Währenddessen erhob er ziemlich die Stimme, sein Gesicht wurde eisern, sein Blick ebenfalls. Sprachs, drehte auf dem Absatz um und ließ mich stehen. Ich sah in seiner Tasche den Abdruck seiner Fentanylsprayflasche.

Später schnappte ich ihm mir. Wir gingen spazieren. Und unterhielten uns darüber, dass Kai ja nun wirklich kein Spray mehr nimmt. Er die Gefahren kennt. Die Dosierung war acht mal so hoch, wie ein „50er“ Fentanylpflaster, die er im Frühjahr noch benutzte. Diese Pflaster müssen alle drei Tage gewechselt werden. Immer an anderer Stelle am Körper. Es baut sich ein gleichmäßiger Fentanylspiegel auf. Es bringt nichts, diese Pflaster nur kurz zu tragen, da es immer einige Stunden benötigt, bis das Mittel in ausreichender Menge abgegeben wird und Wirkung zeigen kann. Das Spray allerdings wirkt binnen von Sekunden. Da es gleich von den Schleimhäuten aufgenommen wird.
Anja, ich weiß das alles. Und natürlich nehme ich kein Spray mehr. Weißt du doch.
Kai, du weißt aber, dass du keine Schmerzen haben musst. Wenn du jetzt – fast ein halbes Jahr nach der OP immer noch leidest, MUSST DU DAS SAGEN. Du brauchst das nicht aushalten, in Ordnung?
In Ordnung, mein Schatz.

Gut. Ich war beruhigt. Nur kam es mittlerweile auch während der Woche vor, dass Kai einfach nur furchtbar war. Er brüllte Nils an, war einfach grantig, genervt, blieb oft ewig im Bett liegen und ließ sich gehen. Zwei, drei Tage ging es. Dann wurde es wieder übel mit ihm. Ich kam an meine Grenzen in dieser Zeit. Ich fragte mich, wieviel ein Mensch ertragen kann. Ertragen können muss. Ertragen muss. Ich wusste mir keinen Rat. Er war teilweise auch so sehr müde. Schlief mitten im Gespräch ein. Sagte nichts. Wenn er Besuch bekam, schwieg er. Legte sich dann ins Bett. WAS WAR NUR LOS!?! Ich war am Ende mit meinem Latein. Es hieß eben Depression. Fatigue. Die Müdigkeit, die durch Chemotherapie und schwere Operationen hervorgerufen wird. Kann man nichts machen. Muss man durch.
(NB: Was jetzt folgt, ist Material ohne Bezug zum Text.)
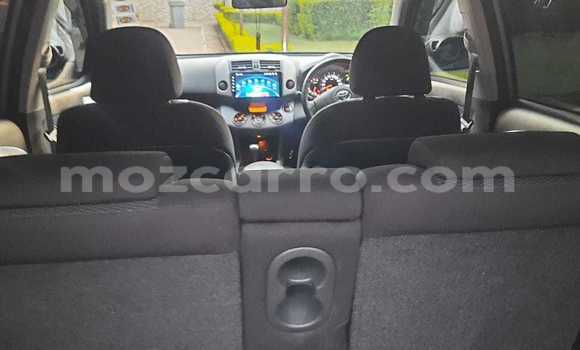 Nunua Ilio tumika Toyota RAV4 Bluu Gari ndani ya Maputo nchini Maputo Nunua Ilio tumika Toyota RAV4 Bluu Gari ndani ya Maputo nchini Maputo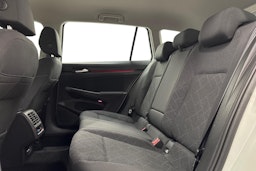 valkoinen Volkswagen Golf 2021 kuva 10.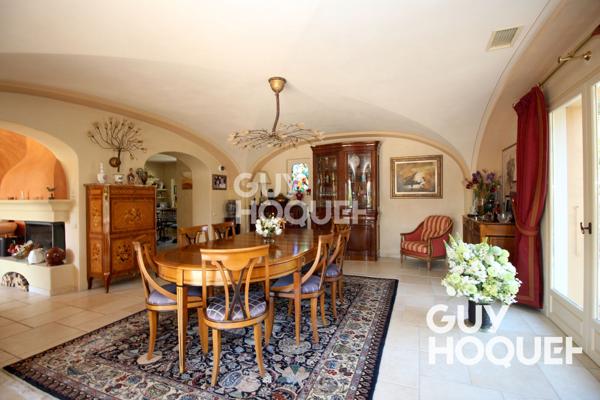 Maison _ piscine _ double garage _Saint Cyprien_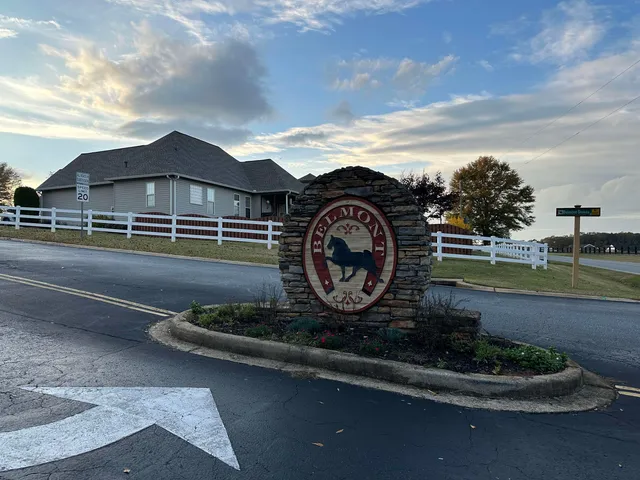 $369,900 | 875 Affirmed Drive, Boiling Springs, SC 29316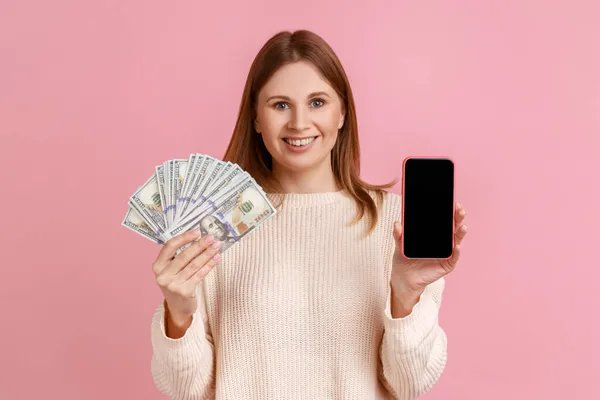 Portrett Positiv Fornøyd Blond Kvinne Som Holder Dollarsedler Mobiltelefon Med – stockfoto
3. August. Ich überraschte Kai. Ich kam wohl etwas früher als sonst nach hause. Ich kam dazu, als er VIER MAL am Stück sich einen Sprühst0ß aus der mir so verhassten Flasche gab. KAI, was machst du da. In diesem Moment war es mir klar. Kai sah selbst keine Möglichkeit mehr, mir irgendwelche Geschichten zu erzählen. Ich würde sie doch nicht mehr glauben. Wir stritten. Heftig. Es ist ein Gefühl, als bricht alles zusammen. Mir war elendig schlecht und schwarz vor Augen. Scheiße. Was ist da nur passiert. Kai versucht es mit allen Mitteln. Mit furchtbarer Bösartigkeit. Mit Tränen. Mit Liebesbezeugungen. Es kam nichts mehr bei mir an. Ich wollte nur noch weg. Ihn nicht mehr sehen. Nicht mehr da sein. Nichts mehr mit ihm zu tun haben wollen. Aber, das kann man nun ja nicht machen. Diesen kranken Menschen verlassen. Draußen regnete es. Ich zog mir Sportsachen an und ging Laufen. Ich war schon Jahre nicht joggen. Eigentlich hasste ich das langweilig, nervtötende Rennen auf Wegen. Diesmal aber tat es mir gut. Den kühlen Sommerregen auf der Haut. Musik im Ohr. Ich lief und lief und lief. Eine ganze Stunde. Ohne Pause. Ich lief meinem Leben davon. Immer wieder heulend. Verzweifelt und am Ende mit allem. Warum. Warum Kai. Warum ich. Warum Nils. Scheiß Warum! Ich hasse „warum“. Es gibt keine Antwort darauf. Es ist eben einfach so.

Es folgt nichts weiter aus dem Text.